▶ _Problem description_: Within the lines below, the span from the line with "Fig. 06 - PROBE" to the line with "Tomato 'Green Giant'", both ends included, is to be reproduced exactly, with pictures omitted.
** Opening Listed records block **
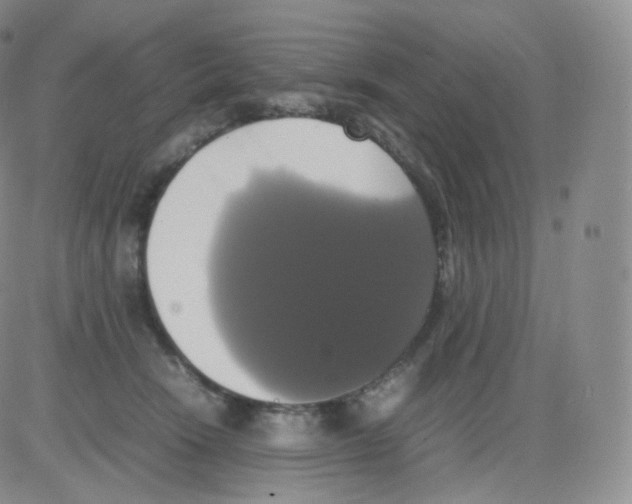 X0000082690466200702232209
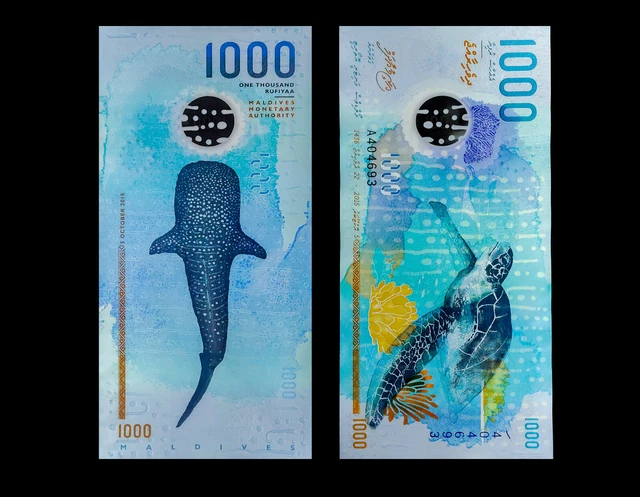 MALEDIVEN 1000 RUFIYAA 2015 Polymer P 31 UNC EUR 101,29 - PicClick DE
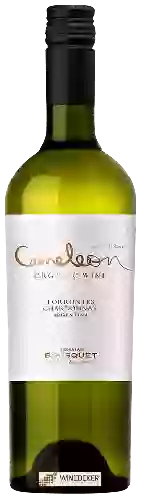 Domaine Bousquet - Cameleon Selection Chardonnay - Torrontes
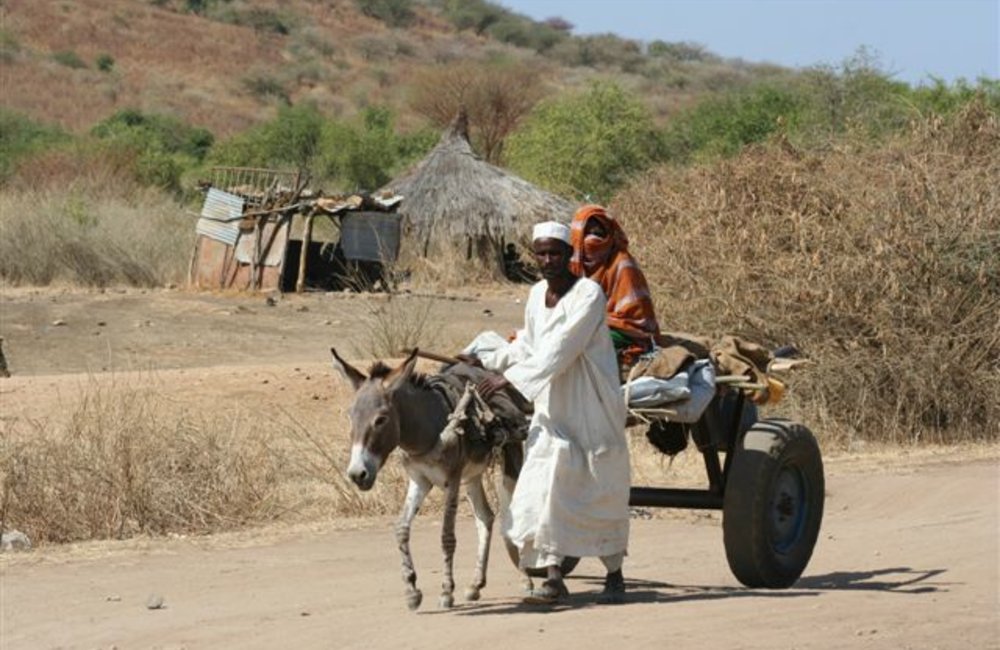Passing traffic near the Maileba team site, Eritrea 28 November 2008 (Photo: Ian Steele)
** Closing Listed records block **
** Opening Listed records block **
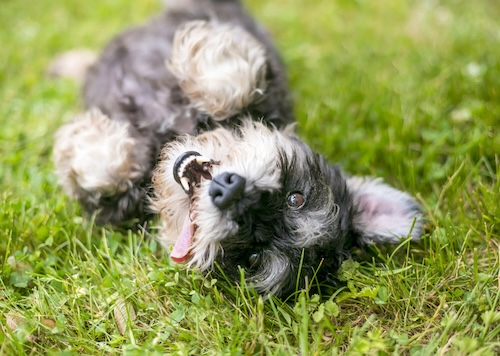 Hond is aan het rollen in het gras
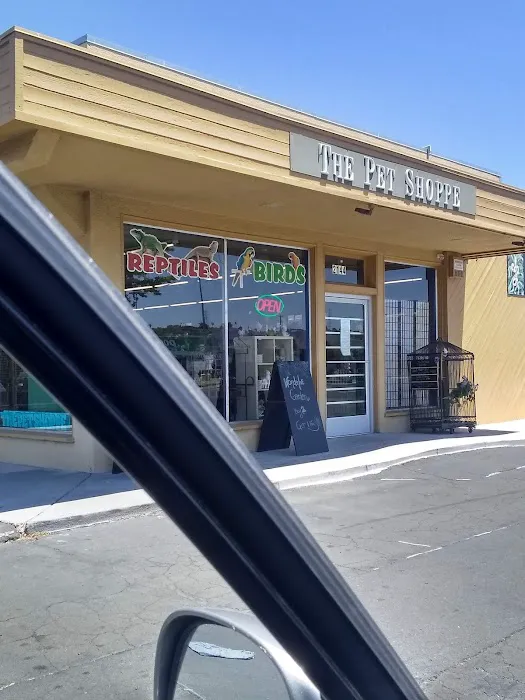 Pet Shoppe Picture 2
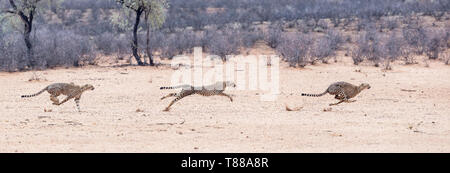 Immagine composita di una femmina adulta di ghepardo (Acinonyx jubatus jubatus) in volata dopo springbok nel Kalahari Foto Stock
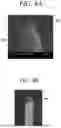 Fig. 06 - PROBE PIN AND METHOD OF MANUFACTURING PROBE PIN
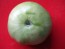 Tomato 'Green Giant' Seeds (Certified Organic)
** Closing Listed records block **
** Opening Listed records block **
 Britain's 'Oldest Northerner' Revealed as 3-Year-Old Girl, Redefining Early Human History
** Closing Listed records block **
▶ _Problem solution_:
 Fig. 06 - PROBE PIN AND METHOD OF MANUFACTURING PROBE PIN
 Tomato 'Green Giant' Seeds (Certified Organic)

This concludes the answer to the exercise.